Wright Light: A bit of family history hanging on the tree
BY JASON ASHLEY WRIGHT World Scene Writer
Tuesday, November 27, 2012
11/27/12 at 5:34 AM
Go to Jason Ashley Wright's BlogOriginal Print Headline: A little bit of history on the tree
As a kid, you can get away with giving some pretty lame presents - "lame," in this instance, meaning "hand-made."
You know the kind: plaster-of-Paris ornaments, others made of reindeer-brown clothespins and antler-shaped pipe cleaners, some in a shape somewhere between melted candy cane and reptilian road kill.
Between the time I stopped believing in Santa and somewhere in my 20s, I looked back on these misshaped baubles and grade-school tchotchkes with an eye roll. "Surely," I'd tell myself, "Mom is only putting this orange Christmas bell with a black stripe on the tree because I'm standing here."

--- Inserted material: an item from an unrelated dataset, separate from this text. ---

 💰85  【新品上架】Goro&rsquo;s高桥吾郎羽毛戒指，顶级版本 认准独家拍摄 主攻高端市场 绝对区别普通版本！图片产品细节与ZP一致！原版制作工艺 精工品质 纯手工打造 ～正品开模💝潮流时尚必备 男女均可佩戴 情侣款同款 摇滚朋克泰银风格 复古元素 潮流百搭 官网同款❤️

But as this past weekend afforded me the chance to help Mom decorate the tree for the first time in more than a decade, I see how Mom's tree is less holiday garnish and more genealogical decoration - a true family tree representing five generations and nearly 100 years of history, with a story behind almost every single trimming.

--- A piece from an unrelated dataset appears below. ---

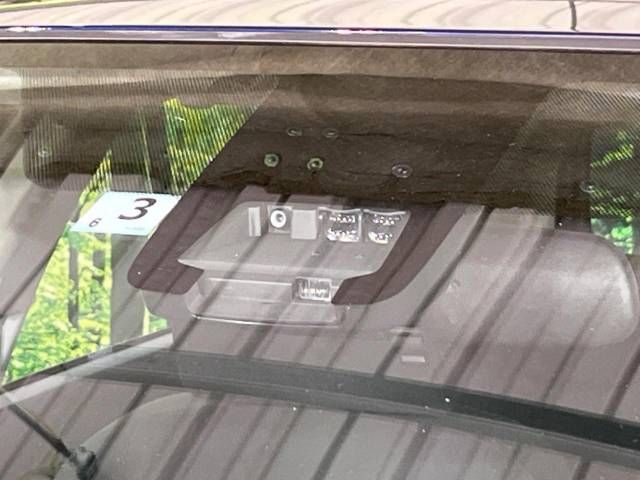 Toyota AQUA 2017-03 182534-4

My new favorite among the batch, and the oldest on the tree, is a single baby bootie that my maternal great-grandmother Mama Miles tatted for Mamaw Walters, who was born 96 years ago this year. A few branches over from that is a brass baby-girl-shaped ornament with Mom's name on it: "Eloise." Apparently, people have been misspelling Mom's name, Elouise, as far back as the late '40s.
Many of the ornaments represent a period from the time my brother, Jay, was born up to the mid-'80s, when I stopped making stuff in school. Among the oldest is a bendable, red and green, felt-clad Christmas elf that was on a poinsettia given to my mother after my brother was born.
Jay's brown football and my green and yellow truck were ceramic ornaments made in 1978 by our neighbor when we lived in Hawaii - not the actual state but the name of the campus apartment building in which we resided while Dad was going to New Orleans Baptist Theological Seminary. The neighbor also made a beautiful ceramic Christmas tree for Mom.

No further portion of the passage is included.